_INSTRUCTIONS FOR THE TASK_:
Every line below from the one containing "Mujer con un" through the one containing "Eine Gruppe junger" is to be printed exactly, with the pictures omitted.
----- AVAILABLE RECORDS -----
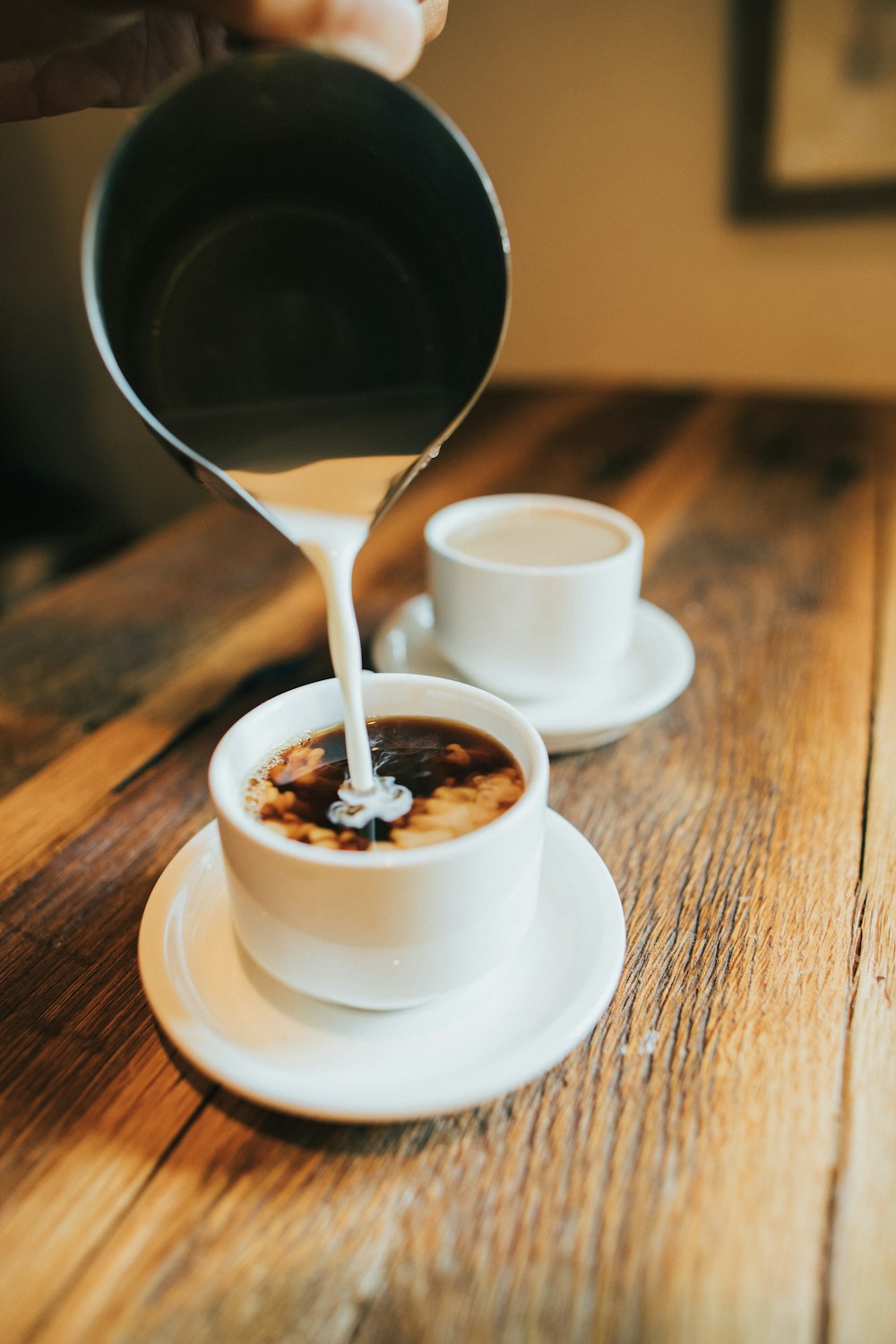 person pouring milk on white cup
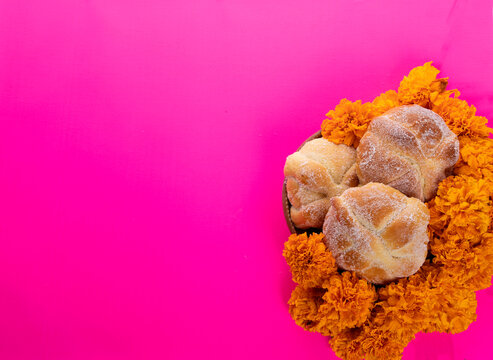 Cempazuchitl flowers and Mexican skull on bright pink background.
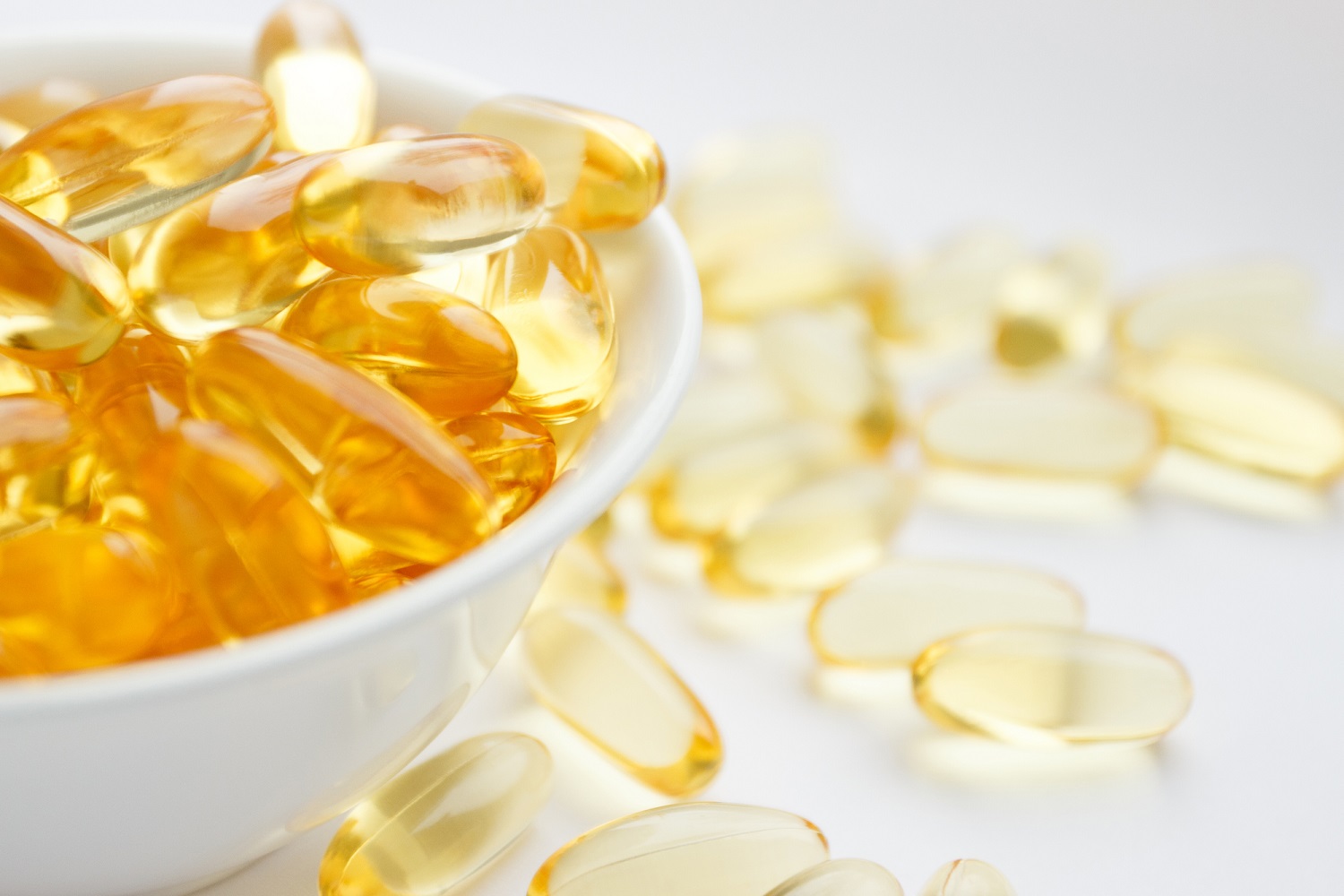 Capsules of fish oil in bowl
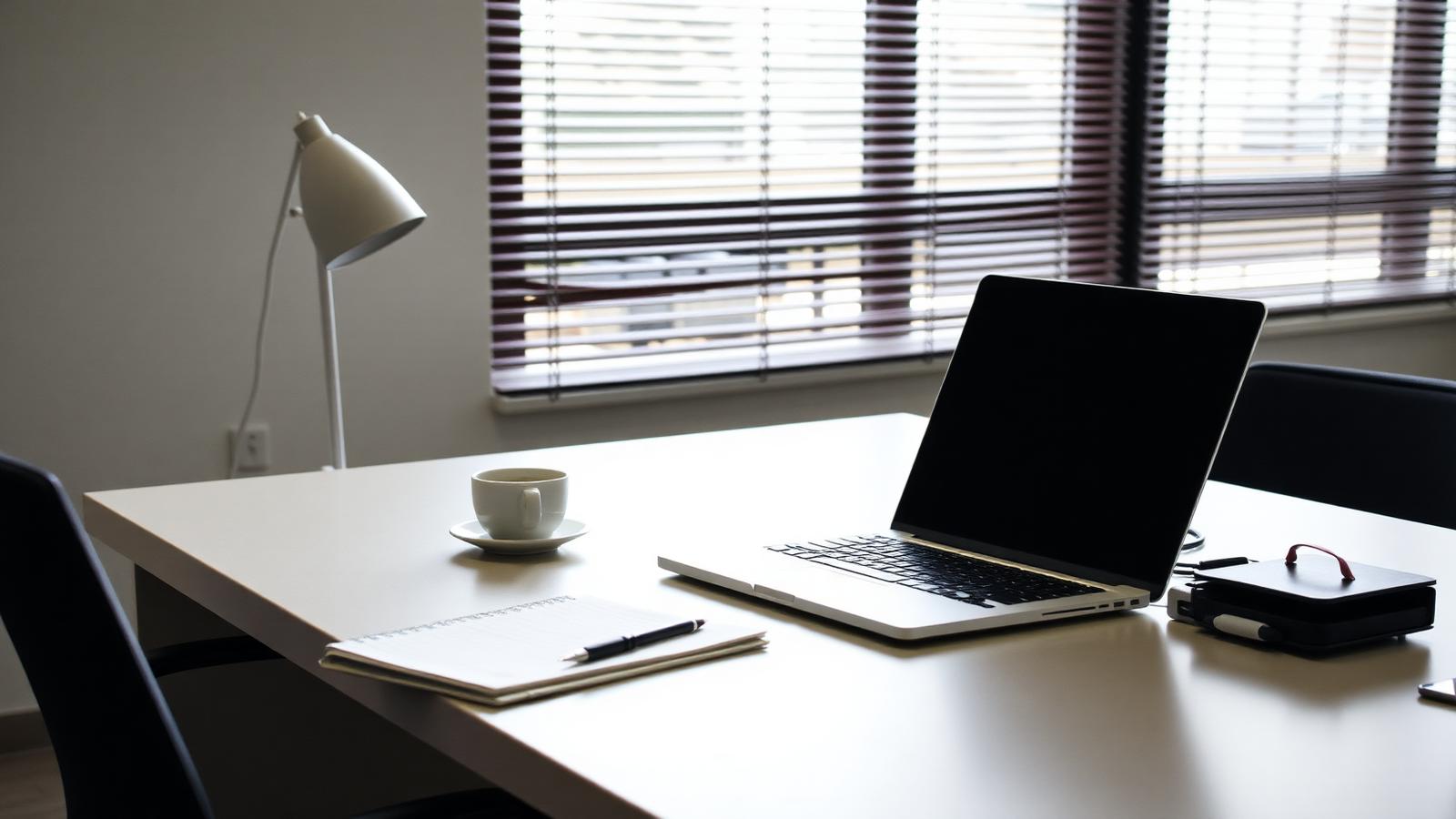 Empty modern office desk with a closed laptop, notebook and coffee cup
-----
----- AVAILABLE RECORDS -----
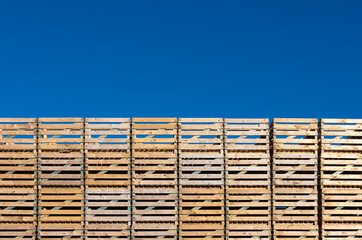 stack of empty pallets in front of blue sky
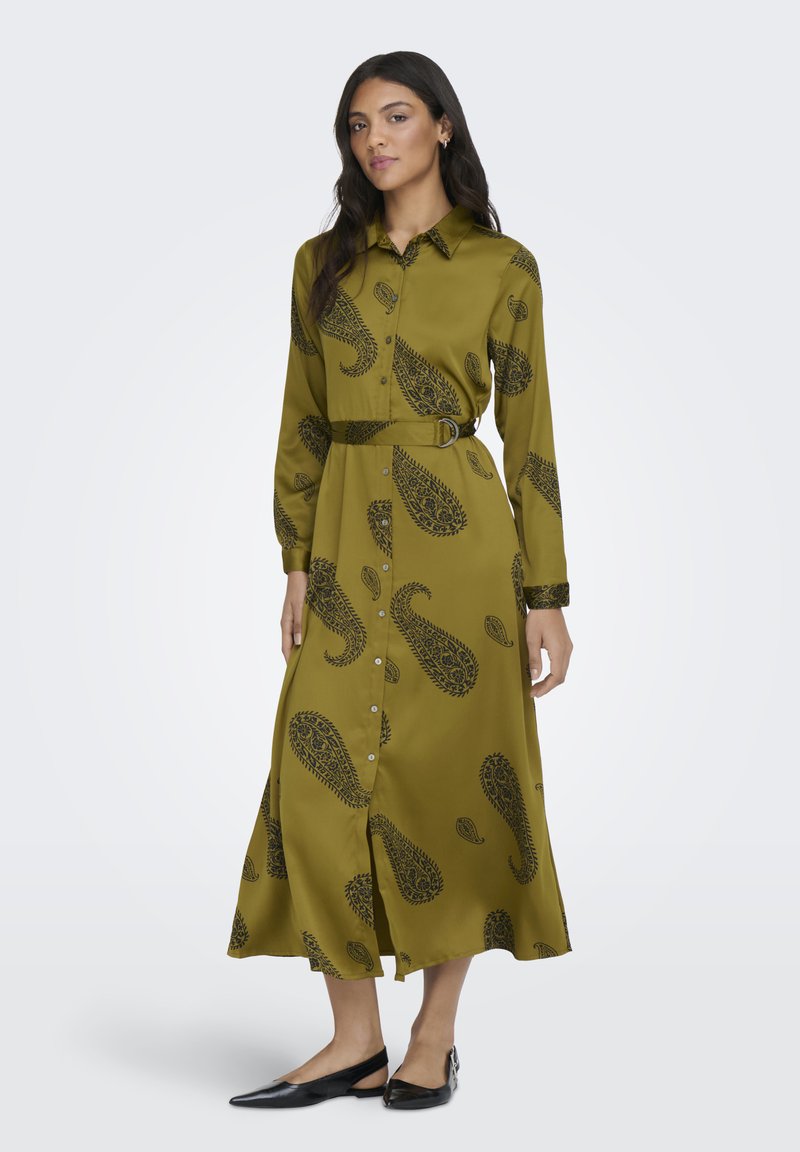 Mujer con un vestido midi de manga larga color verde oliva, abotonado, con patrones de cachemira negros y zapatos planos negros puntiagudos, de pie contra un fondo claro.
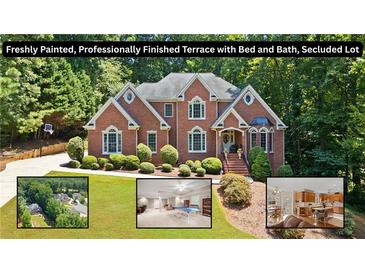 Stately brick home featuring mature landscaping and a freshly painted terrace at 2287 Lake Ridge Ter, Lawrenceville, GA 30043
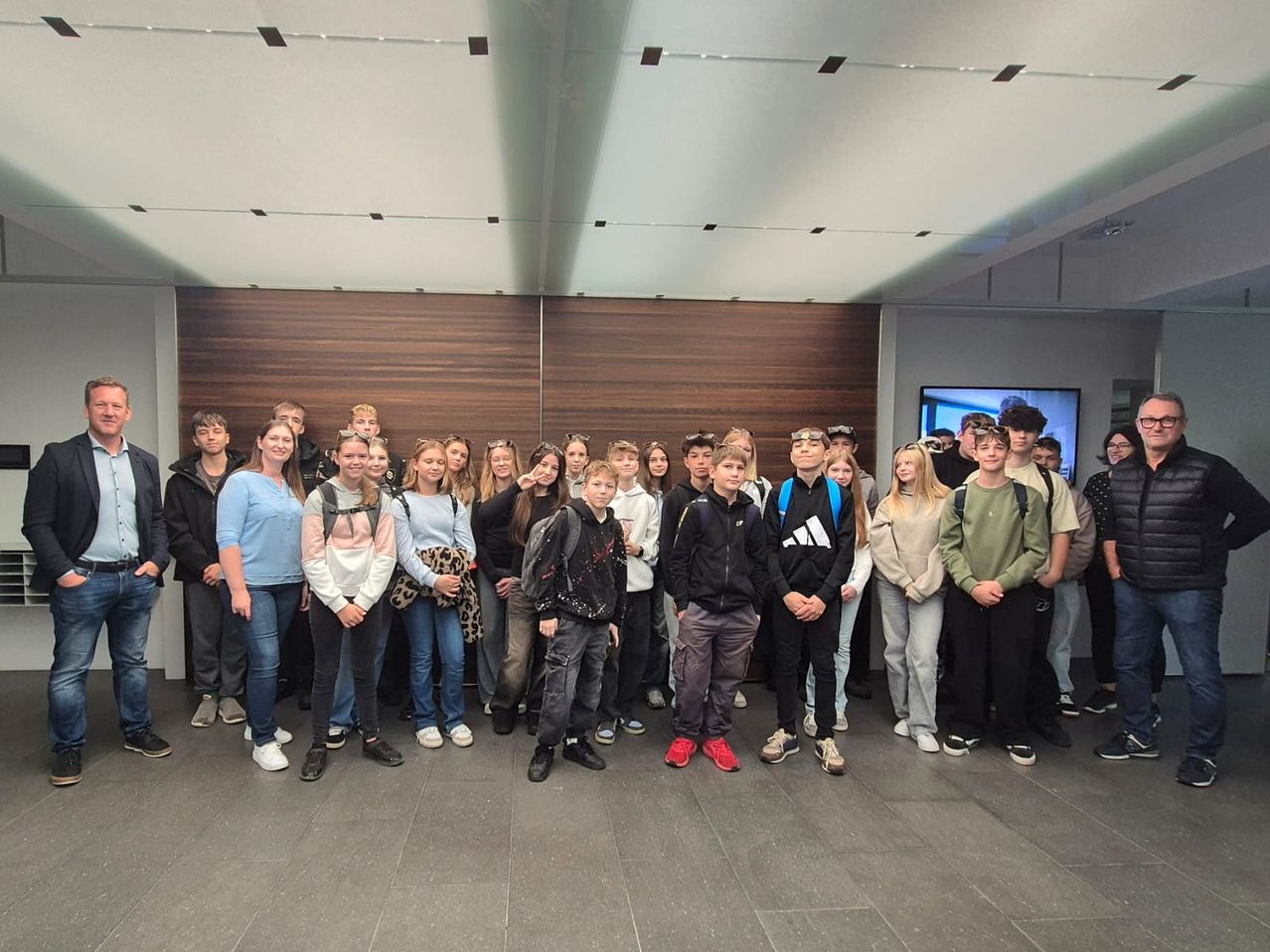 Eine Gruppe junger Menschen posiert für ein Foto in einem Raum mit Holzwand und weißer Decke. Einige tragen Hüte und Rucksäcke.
-----
----- AVAILABLE RECORDS -----
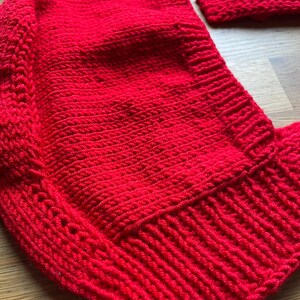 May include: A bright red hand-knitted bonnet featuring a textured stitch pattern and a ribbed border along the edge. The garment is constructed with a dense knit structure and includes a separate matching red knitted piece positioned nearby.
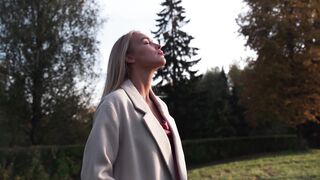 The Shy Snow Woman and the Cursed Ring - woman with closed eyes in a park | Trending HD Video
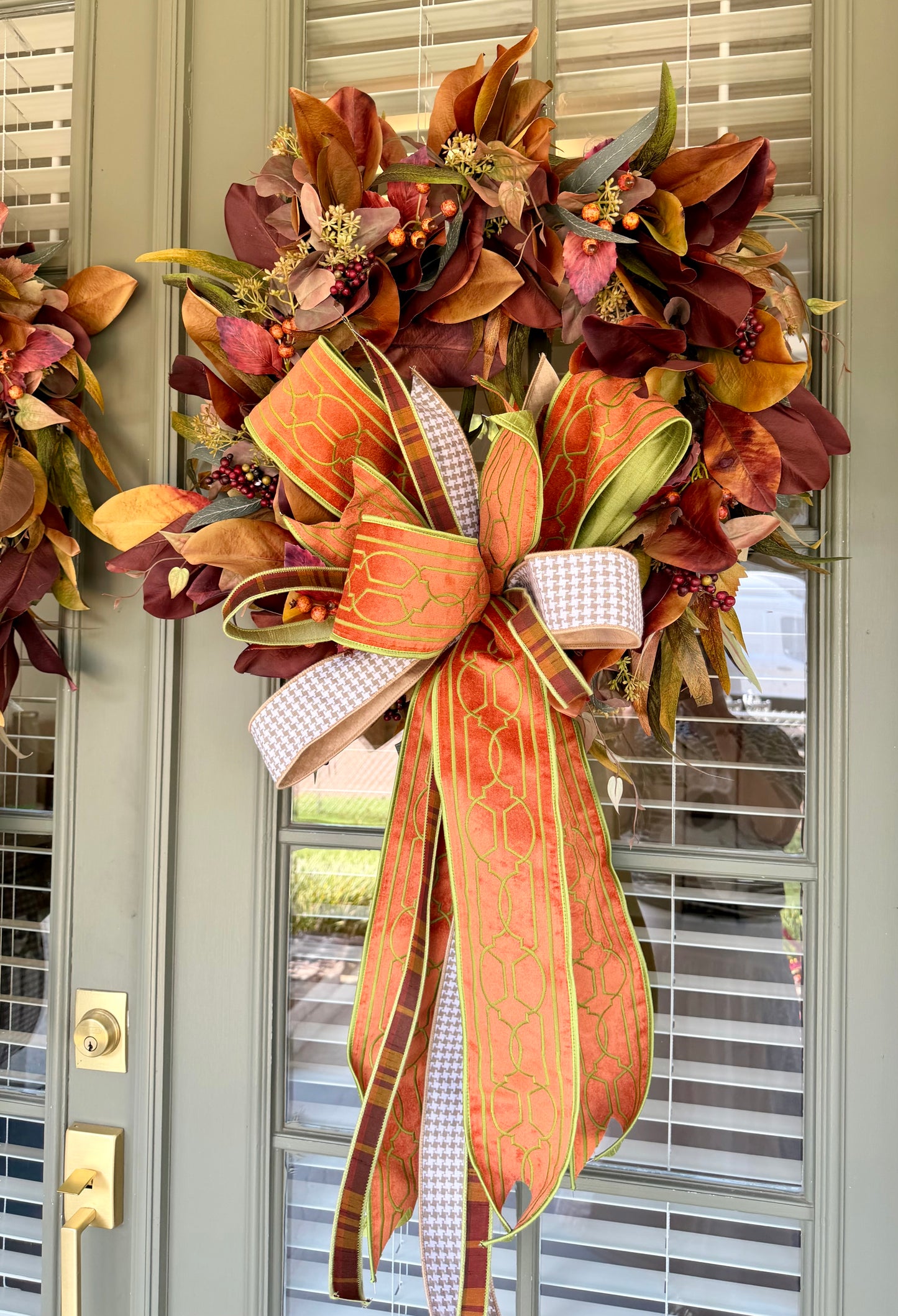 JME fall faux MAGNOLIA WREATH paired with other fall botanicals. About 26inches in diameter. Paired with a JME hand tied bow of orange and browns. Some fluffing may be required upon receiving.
-----
_TASK ANSWER_:
 Mujer con un vestido midi de manga larga color verde oliva, abotonado, con patrones de cachemira negros y zapatos planos negros puntiagudos, de pie contra un fondo claro.
 Stately brick home featuring mature landscaping and a freshly painted terrace at 2287 Lake Ridge Ter, Lawrenceville, GA 30043
 Eine Gruppe junger Menschen posiert für ein Foto in einem Raum mit Holzwand und weißer Decke. Einige tragen Hüte und Rucksäcke.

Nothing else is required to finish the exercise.